Spark grabbed the emails of my immediate family and put them in a draft email. (Strangely, it didn’t include my wife’s.) The text of the email got the name of the first episode of the latest season of Taskmaster correct, but linked to a trailer instead of the actual episode. The email also included the term “loool,” which is something I write in casual written conversation. Spark 抓取了我直系亲属的邮箱并放入了草稿邮件中。(奇怪的是,它没包含我妻子的。)邮件正文准确写出了《Taskmaster》最新一季第一集的名称,但链接指向的是预告片而不是正片。邮件里还包含了“loool”这个词,这是我在日常非正式交流中会用的词。
Spark made a Google Doc in my Drive with a preschool preparation checklist. However, it’s only available to me; I asked Spark if it could give access to my wife, but it said it isn’t currently able to do that. Spark 在我的云端硬盘中创建了一个包含幼儿园准备清单的 Google 文档。然而,它仅对我可见;我问 Spark 能否给我的妻子访问权限,但它说目前还做不到。

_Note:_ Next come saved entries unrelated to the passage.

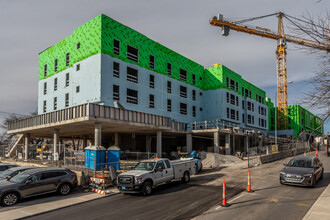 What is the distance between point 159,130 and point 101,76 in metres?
10.7

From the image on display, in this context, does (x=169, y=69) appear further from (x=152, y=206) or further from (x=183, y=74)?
(x=152, y=206)

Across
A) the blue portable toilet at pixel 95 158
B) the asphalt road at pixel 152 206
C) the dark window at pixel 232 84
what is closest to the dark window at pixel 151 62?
the blue portable toilet at pixel 95 158

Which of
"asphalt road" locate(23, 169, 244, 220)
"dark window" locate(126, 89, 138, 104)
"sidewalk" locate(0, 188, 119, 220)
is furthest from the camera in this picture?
"dark window" locate(126, 89, 138, 104)

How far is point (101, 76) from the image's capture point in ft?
99.9

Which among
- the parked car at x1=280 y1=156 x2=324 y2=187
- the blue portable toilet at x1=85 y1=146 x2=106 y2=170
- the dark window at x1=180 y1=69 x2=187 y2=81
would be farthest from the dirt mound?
the dark window at x1=180 y1=69 x2=187 y2=81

Spark could be a powerful tool. But there are a few caveats I should mention. Like all AI tools, you still have to check its output to make sure it’s accurate, which could have higher stakes when it’s pulling from personal information to prepare things you share with people you know. Although Google pitches Spark as something that can operate on its own, I found myself constantly watching it or checking the notifications it sent to my phone. Spark 可能是一个强大的工具。但我必须指出几点注意事项。像所有 AI 工具一样,你仍然需要检查它的输出以确保准确性,当它从个人信息中提取内容并准备分享给熟人时,风险可能会更高。尽管 Google 将 Spark 宣传为可以独立运行的工具,但我发现自己不得不时刻盯着它,或者检查它发送到我手机上的通知。